§ Exercise requirements
The reply should consist solely of the lines from the one with "konyalı etli pide ve kebap salonu" through the final line of the listing, copied exactly, with no pictures.

Recorded data section start

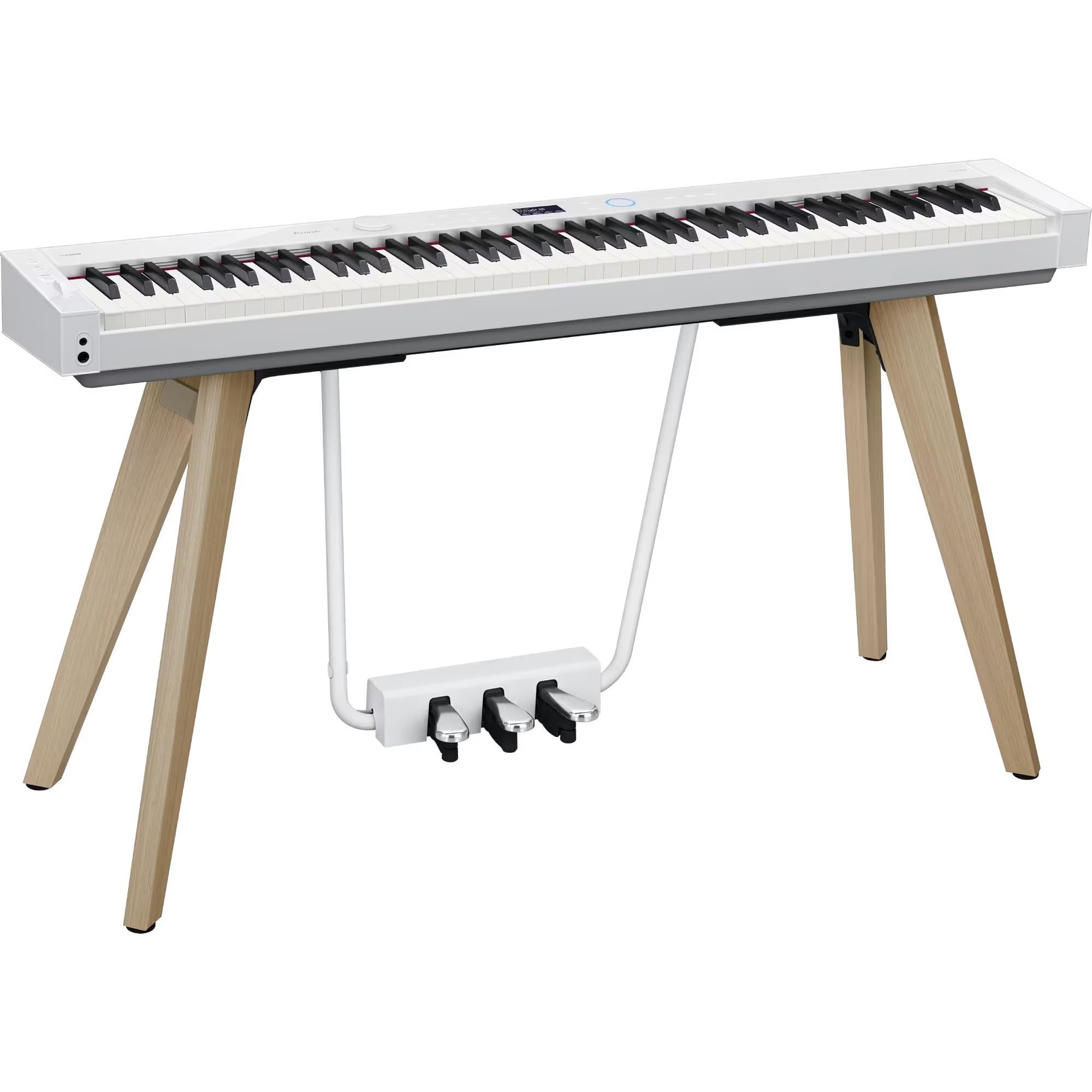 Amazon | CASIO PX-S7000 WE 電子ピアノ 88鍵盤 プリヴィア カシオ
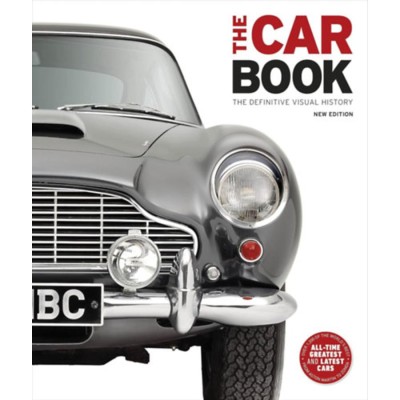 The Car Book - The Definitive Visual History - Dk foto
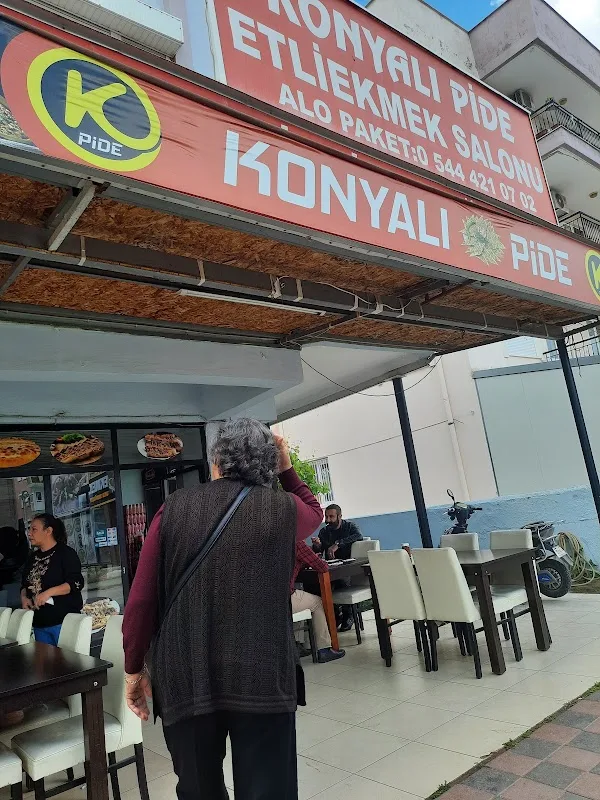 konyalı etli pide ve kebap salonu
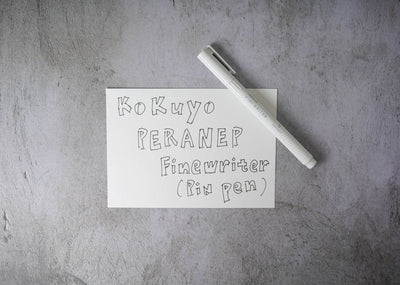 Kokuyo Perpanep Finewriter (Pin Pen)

Recorded data section end

§ Expected answer
 konyalı etli pide ve kebap salonu
 Kokuyo Perpanep Finewriter (Pin Pen)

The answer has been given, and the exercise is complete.